You can learn a lot about a city and its ‘vibe’ by people-watching and often this proves to be a highly amusing free activity.

Lunch hour tap dancer on Bourke Street, Melbourne, Australia

Lunch hour tap dancer, Bourke Street Mall, Melbourne, Australia

A few days ago as I walked down Bourke Street, I saw a young red-haired man with a backpack and a bright yellow milk crate suddenly stop and plonk a portable tape player down on the pavement. Next a flowerpot appeared. Finally, he carefully placed a square of timber halfway between the tram stop and the steps in front of the GPO building. Without saying a word, he began to tap dance vigorously (and well!) for the lunchtime crowd that was milling around, his flowerpot began to fill with coins, and the silent tap dancer smiled sweetly at everyone. It was a tiny bit of magic on a cold and gloomy day.

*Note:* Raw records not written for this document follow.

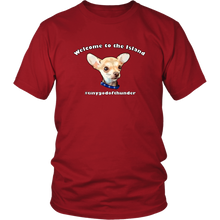 Load image into Gallery viewer, Unisex District T-Shirt (additional colors available)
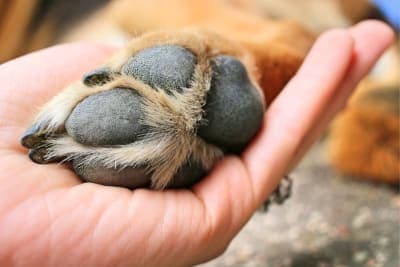 What to do if my Dog Cut their Paw Pad? What to do if my Dog Cut their Paw Pad?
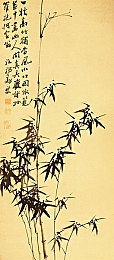 男生女生操操软件,健康互动，乐享运动，健身伙伴新选择-5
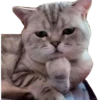 Kucing 15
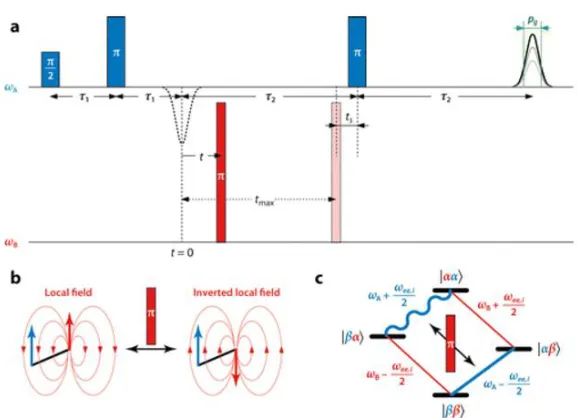 Figure 13: Theoretical DEER spectrum where the two spin packets have a difference in the frequency precession, ωee (obtained from reference24)   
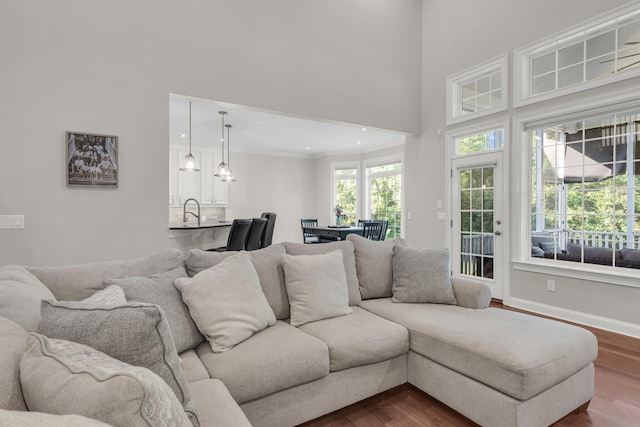 2720 Oak Manor Dr, Mount Pleasant, SC 29466 - living room with dark wood-type flooring, a towering ceiling, baseboards, ornamental molding, and recessed lighting
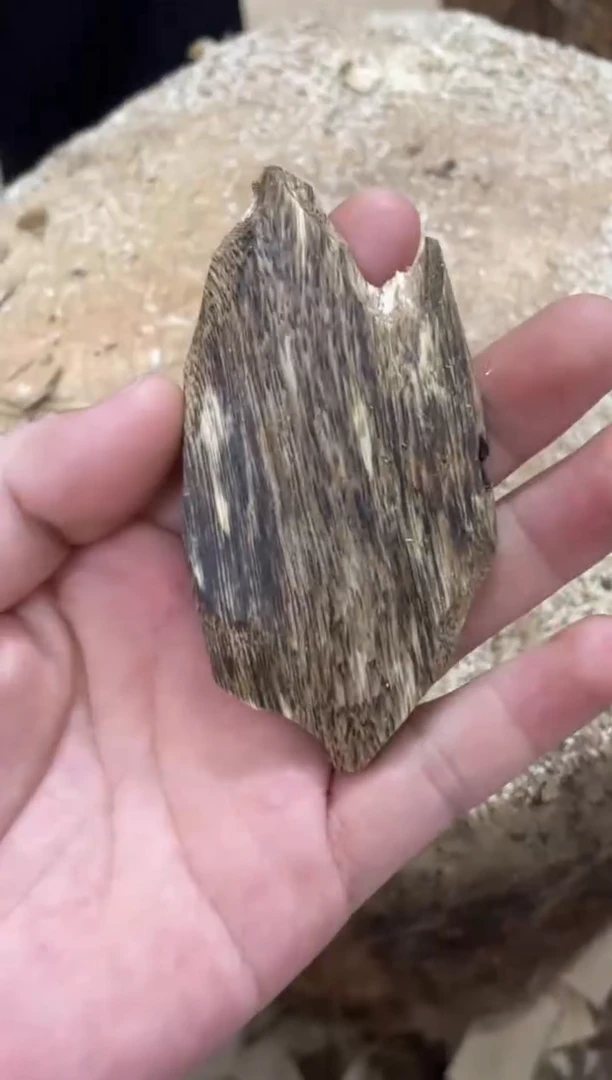 沉香沉香碎屑棋楠沉香 原料文创1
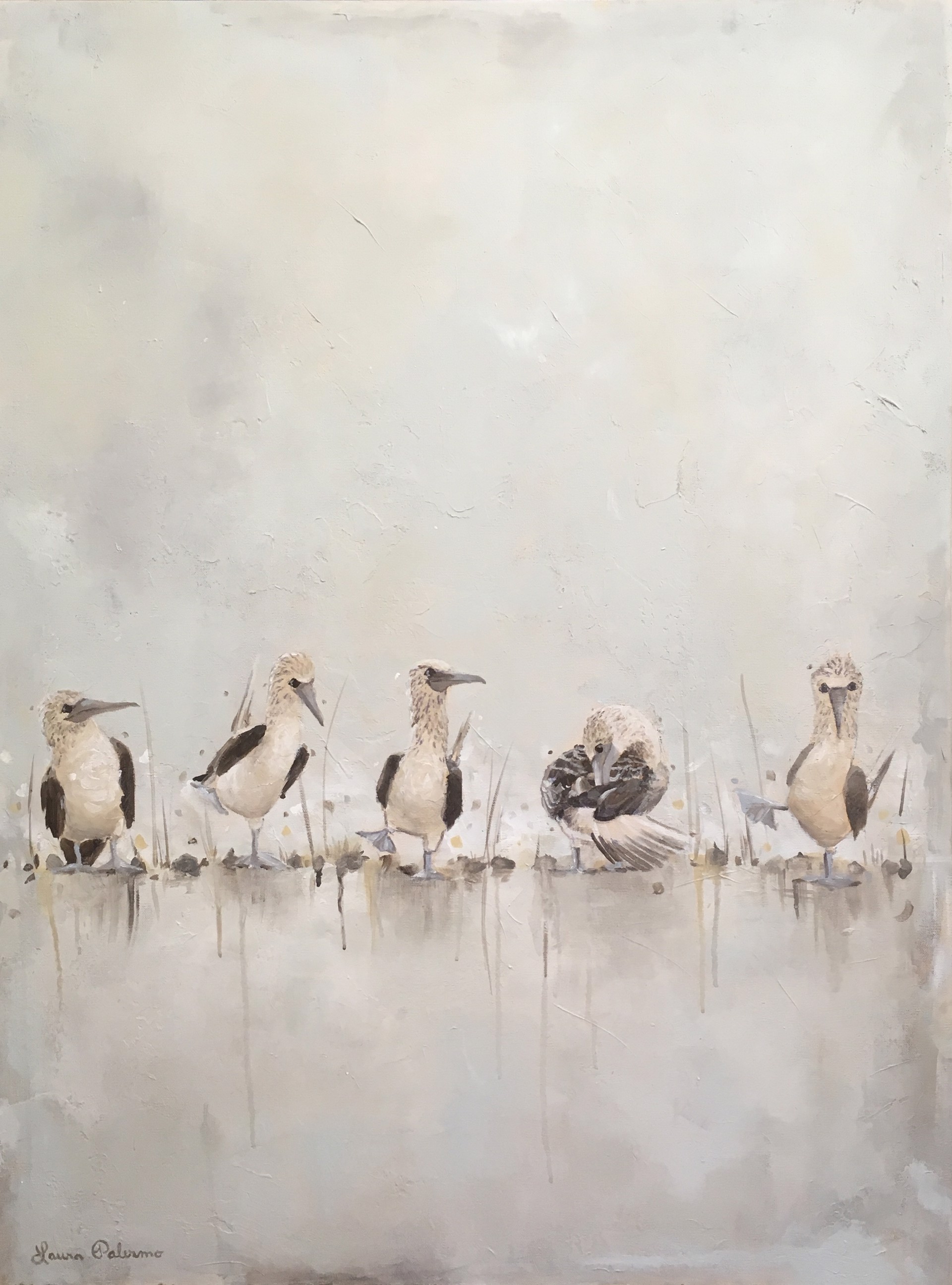 Blue Footed Boobies by Laura Palermo - Giclee Prints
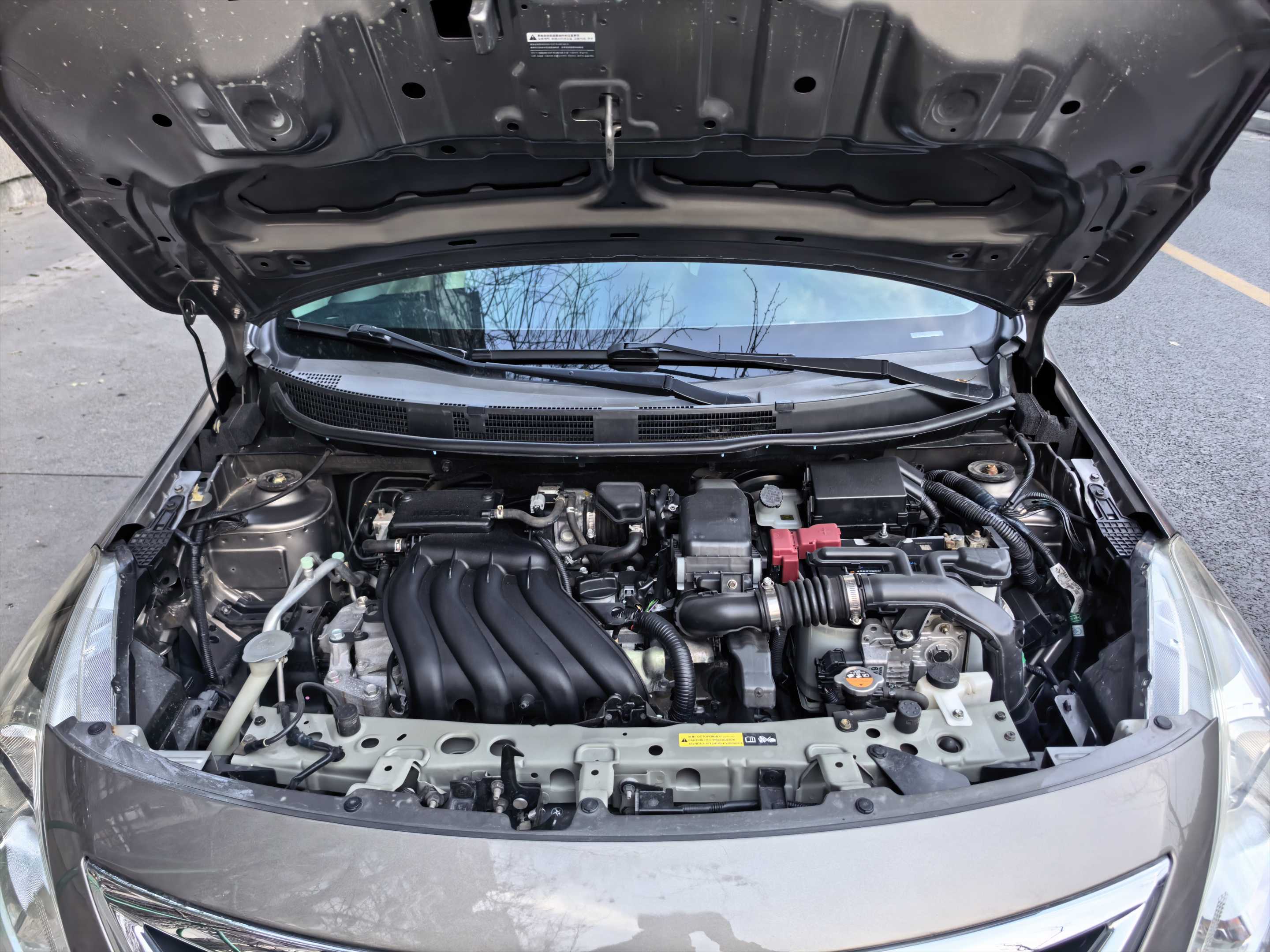 日产 阳光 2017 汽车图片 #8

Having walked a mere few metres further down the street, I began to chuckle quietly when I saw a faux-concrete mime who had removed his hat, thus revealing part of his un-made-up face and hair beneath. As he stood next to his upturned hat, his hand resting on his cart full of props, he dropped all pretense being in character as he made a phone call. As surreptitiously as I could, I raised my camera and began to take pictures of this unguarded and funny moment.

Mime Making Phone Call

If fine arts and culture are as much ‘your thing’ as they are mine, you will be happy to read that Melbourne is quite blessed to have three art museums that charge absolutely NO admission price. The only exception to that statement is for those blockbuster travelling exhibits from overseas that arrive once a year or so.

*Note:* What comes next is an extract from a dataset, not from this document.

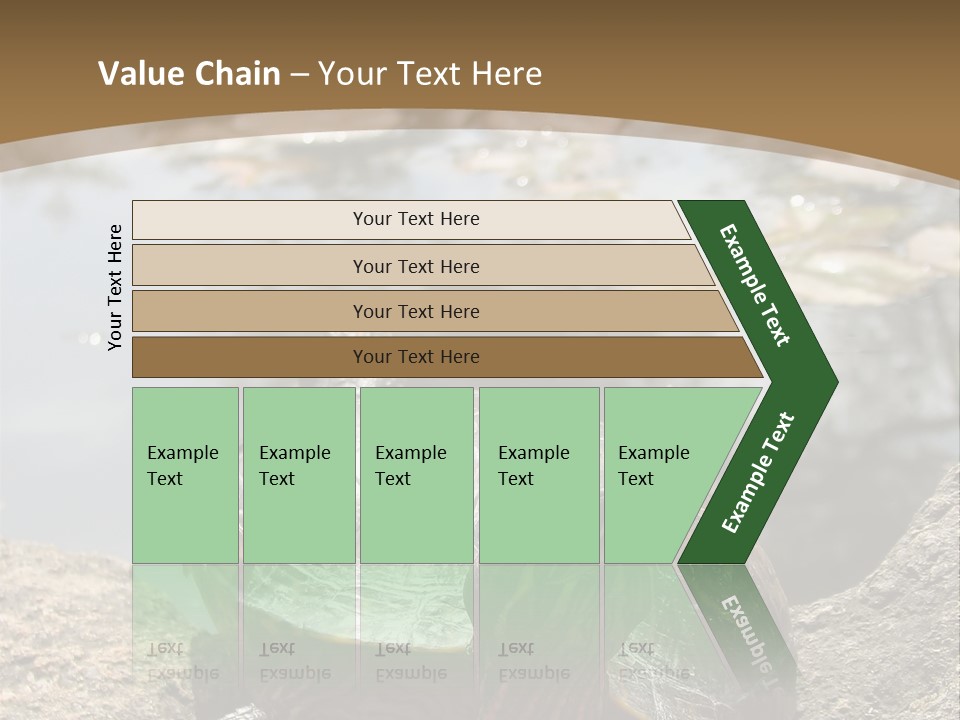 Sunbathing Turtle PowerPoint Template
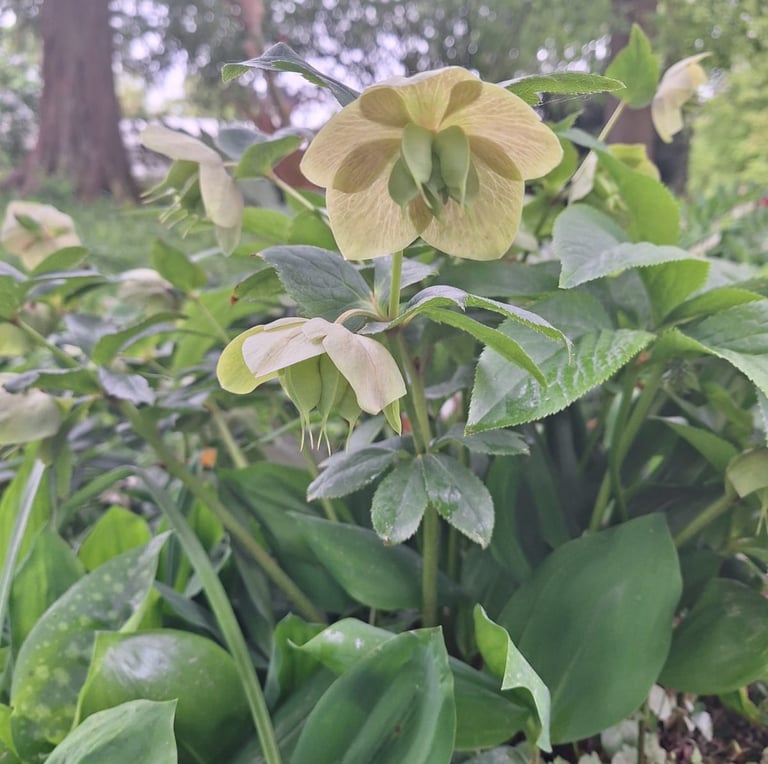a white Hellebore flower in a garden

The permanent collection at the beautifully proportioned bluestone building housing the NGV International – National Gallery of Victoria on St. Kilda Road is quite comprehensive and covers several floors of exhibits that range from the ancient through to the contemporary. You can easily allow yourself a half of a day or more to see it all. And as an added bonus, there are wonderful cafes on both the ground floor and the first floor that serve quite good food. Seating areas are tucked around on every level and are much appreciated by those who wish to enjoy the various galleries at a more leisurely pace. The large gift shop on the ground floor, just before you exit next to the wall of water, is a joy for art lovers, book lovers, or anyone who appreciates finely crafted jewelry, stationary, art objects, and educational toys.

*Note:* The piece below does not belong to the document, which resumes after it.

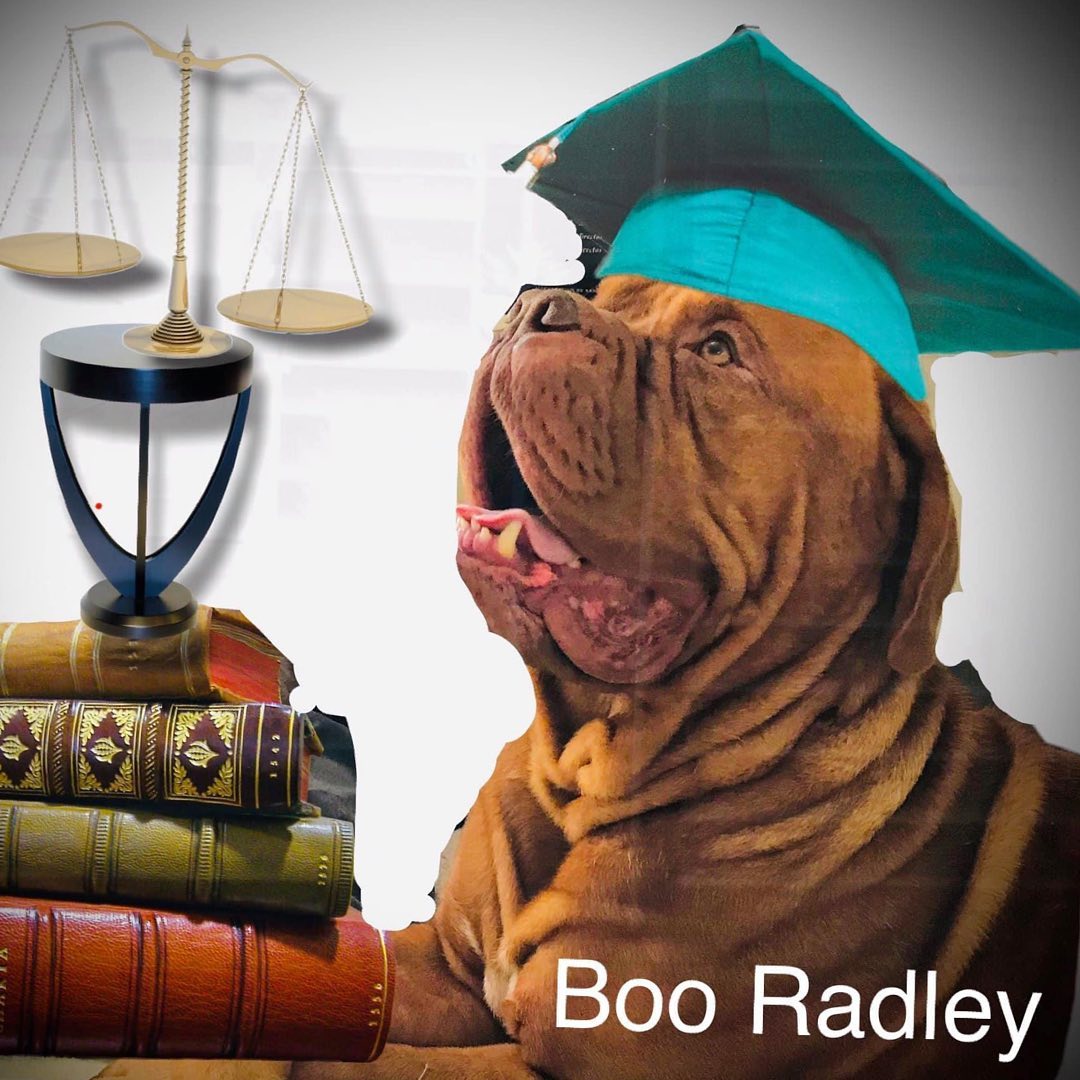 Boo Radley says that when he feels better he wants to go to law school and fight for the animals. He says he will do it Pro-Bone-o.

Another entirely free (except for those previously mentioned special exhibitions) museum is the Ian Potter Centre at Federation Square (corner of Swanston Street and Flinders Street). This smaller museum is dedicated to Australian art. Although it is part of the National Gallery of Victoria, it is housed up the street from the main NGV in a light, airy, and very contemporary glass and steel building set amidst the ultra-modern Federation Square complex.

Finally, there is the Australian Centre for Contemporary Art — ACCA (111 Sturt Street in the Southbank area) and it too is completely free of entry charges. The stated goal of this particular institution is as follows. “It is the only major public art gallery in Australia focused on commissioning rather than collecting.” For that reason, there is a non-stop stream of cutting edge exhibitions to entice those interested in contemporary art.

This three-part article on frugal travel in Melbourne has barely scratched the surface of your options for places to stay, places to eat, sights to see, or walks to enjoy. My intention was to allow the reader to fine-tune their trip according to their interests and needs. I also hoped to let you understand that absorbing the media’s ongoing statement that Melbourne is one of the world’s most expensive cities comes at a cost. It closes people’s minds to the alternatives to big-price-ticket travel — alternatives called frugal travel, budget travel, manageable travel that keep those dollars in your pocket to spend as you choose, not as you must if you are booked into 5 star hotels and are only eating at 5 star restaurants. Frugal travel makes the world a better place for all of us because it gives us freedom and choice.